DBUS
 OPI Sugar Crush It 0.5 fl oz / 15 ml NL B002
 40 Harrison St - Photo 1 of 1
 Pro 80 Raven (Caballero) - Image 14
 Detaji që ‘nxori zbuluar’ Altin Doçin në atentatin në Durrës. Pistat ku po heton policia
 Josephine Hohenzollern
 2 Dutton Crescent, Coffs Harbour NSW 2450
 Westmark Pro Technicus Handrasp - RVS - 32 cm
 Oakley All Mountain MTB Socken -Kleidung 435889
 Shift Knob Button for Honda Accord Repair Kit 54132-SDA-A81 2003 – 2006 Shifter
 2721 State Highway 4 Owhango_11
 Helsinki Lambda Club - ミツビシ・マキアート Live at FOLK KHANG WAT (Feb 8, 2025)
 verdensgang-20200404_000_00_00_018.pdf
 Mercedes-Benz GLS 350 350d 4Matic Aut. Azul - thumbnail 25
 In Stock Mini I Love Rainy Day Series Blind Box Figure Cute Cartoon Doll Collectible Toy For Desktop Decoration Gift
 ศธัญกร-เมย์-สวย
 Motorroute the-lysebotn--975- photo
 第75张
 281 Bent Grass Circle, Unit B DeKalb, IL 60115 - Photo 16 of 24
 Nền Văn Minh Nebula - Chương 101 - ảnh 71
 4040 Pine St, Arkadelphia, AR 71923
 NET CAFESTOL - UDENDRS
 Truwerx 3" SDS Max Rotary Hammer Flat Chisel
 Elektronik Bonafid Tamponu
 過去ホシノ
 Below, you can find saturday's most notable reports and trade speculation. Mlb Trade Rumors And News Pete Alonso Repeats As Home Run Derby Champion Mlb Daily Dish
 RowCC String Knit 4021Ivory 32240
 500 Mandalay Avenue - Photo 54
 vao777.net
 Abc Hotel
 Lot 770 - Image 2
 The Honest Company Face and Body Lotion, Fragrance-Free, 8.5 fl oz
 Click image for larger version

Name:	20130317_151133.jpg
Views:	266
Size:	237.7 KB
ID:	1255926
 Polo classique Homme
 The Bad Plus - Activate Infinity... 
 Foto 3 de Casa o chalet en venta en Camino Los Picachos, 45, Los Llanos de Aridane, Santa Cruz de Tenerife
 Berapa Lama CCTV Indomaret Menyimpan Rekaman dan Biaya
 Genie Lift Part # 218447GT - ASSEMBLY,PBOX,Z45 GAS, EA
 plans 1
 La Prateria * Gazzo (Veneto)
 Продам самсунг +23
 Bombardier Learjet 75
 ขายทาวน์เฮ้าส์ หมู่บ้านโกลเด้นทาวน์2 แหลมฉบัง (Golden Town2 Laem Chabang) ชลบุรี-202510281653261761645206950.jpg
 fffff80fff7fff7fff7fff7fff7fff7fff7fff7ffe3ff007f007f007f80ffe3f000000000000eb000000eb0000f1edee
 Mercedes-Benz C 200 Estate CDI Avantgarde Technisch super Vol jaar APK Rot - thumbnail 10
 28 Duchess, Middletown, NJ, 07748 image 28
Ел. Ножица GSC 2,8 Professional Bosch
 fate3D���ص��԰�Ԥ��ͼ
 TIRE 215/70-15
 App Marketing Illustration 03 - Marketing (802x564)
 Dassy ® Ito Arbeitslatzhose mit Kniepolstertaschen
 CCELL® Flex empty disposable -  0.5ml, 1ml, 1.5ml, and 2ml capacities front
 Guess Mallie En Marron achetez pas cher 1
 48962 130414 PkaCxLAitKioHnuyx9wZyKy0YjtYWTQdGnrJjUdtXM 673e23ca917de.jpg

▶ **Aim of the exercise**: This exercise requires the lines of the entries containing the string "Mercedes".

▶ **Result of the exercise**:
 Mercedes-Benz GLS 350 350d 4Matic Aut. Azul - thumbnail 25
 Mercedes-Benz C 200 Estate CDI Avantgarde Technisch super Vol jaar APK Rot - thumbnail 10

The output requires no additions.